How challenging it can be to move from old production methodologies to modern, automated ones, in addition to how to overcome the challenge of finding the best equipment suppliers, is demonstrated by Filtrox, producer of depth filters. Filtrox exemplifies how a company can, in a step-by-step process, move from mostly manually operated processes to automated ones and thus remain competitive from a cost point of view. The company management made sure that its manufacturing equipment would not be made available to competitors.

The basic method for the production of filter sheets has not changed over the last 80 years and was similar to the production of paper and cardboard. At Filtrox, this process was originally in the form of batch production. However, in the 1940s, Filtrox introduced a mechanical production process, using a second-hand machine from a paper manufacturer, which had to be converted to produce filter sheets.
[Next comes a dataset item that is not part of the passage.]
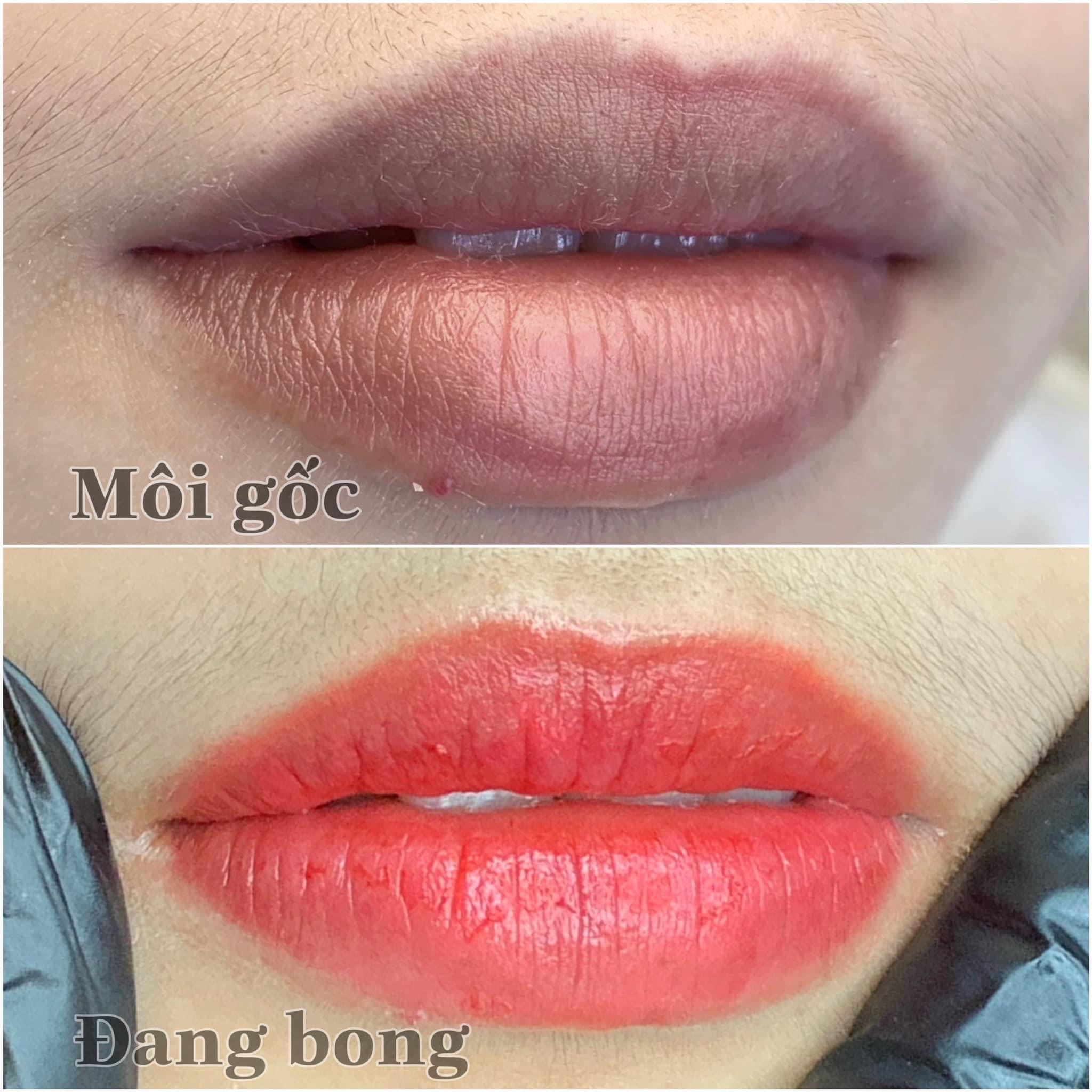 Môi gốc thâm nhẹ và môi đang bong sau phun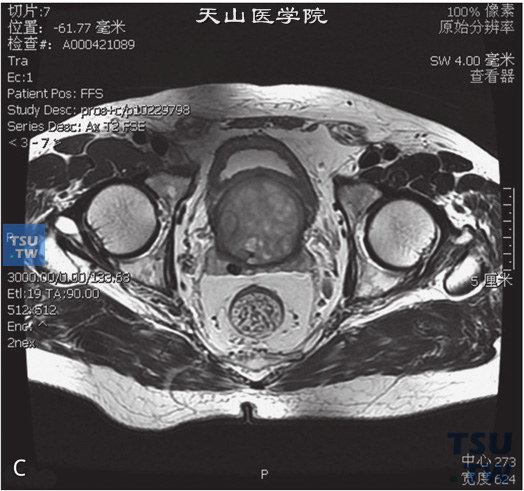 图C：CT，前列腺增生，男，55岁，排尿困难，PSA轻度升高。前列腺中央腺体增大，内部见多发结节状T1WI等T2WI等或高信号灶，外周带受压，DWI未见异常信号。前列腺被膜光整。前列腺于膀胱三角区压迫膀胱略内陷。右侧精囊腺间结节状T2WI低T1WI稍低信号灶，边缘清晰。考虑为钙化可能大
The wet production plant was then continuously developed further in an evolutionary process.

When the demand for filter sheets grew in the 1960s, Filtrox substantially increased production capacity, first by installing an enlarged sheet machine and, in 1972, expanding the sheet production line by enlarging the entire manufacturing plant. The new production line had a length of 72 meters and could produce six meters per minute. Subsequently, the production line was automated and improved considerably. In 2018, the entire line, the backbone of the whole company, could be run by a mere two people.

For Filtrox, it had always been difficult to find the right suppliers, because there were no standard machines for depth filter production. Furnace manufacturers and paper machine manufacturers were approached, and together with them, specific solutions for producing depth filters were developed. Frequently, the manufacturers had to sign a confidentiality and exclusivity agreement preventing them from selling the developed solutions to Filtrox competitors. Not all manufacturers were willing to develop new solutions together with Filtrox instead of selling their own standard machines; it was typically niche players who became involved.⁶

Automating production processes allowed SMEs to remain cost-competitive. However, this could only be a sustainable strategy if the advanced engineering that went into these automation projects remained proprietary. At this moment, automation served the defense of cost competitiveness and allowed companies to grow production volume with a stable workforce.

Capitalizing on Long-Term Improvements

Experts have also observed that major competitive advantage comes from production or automation processes typically accrued from improvements that have taken place over an extended period of time and are based on extensive experience. Such improvements are not mere productivity gains based upon superior engineering but skill-based improvements that are extremely difficult to duplicate for outsiders. These long-term improvements, which subsequently become part of a company’s manufacturing know-how, were observed at several of the researched companies, such as maxon, Caran d’Ache and Rüeger.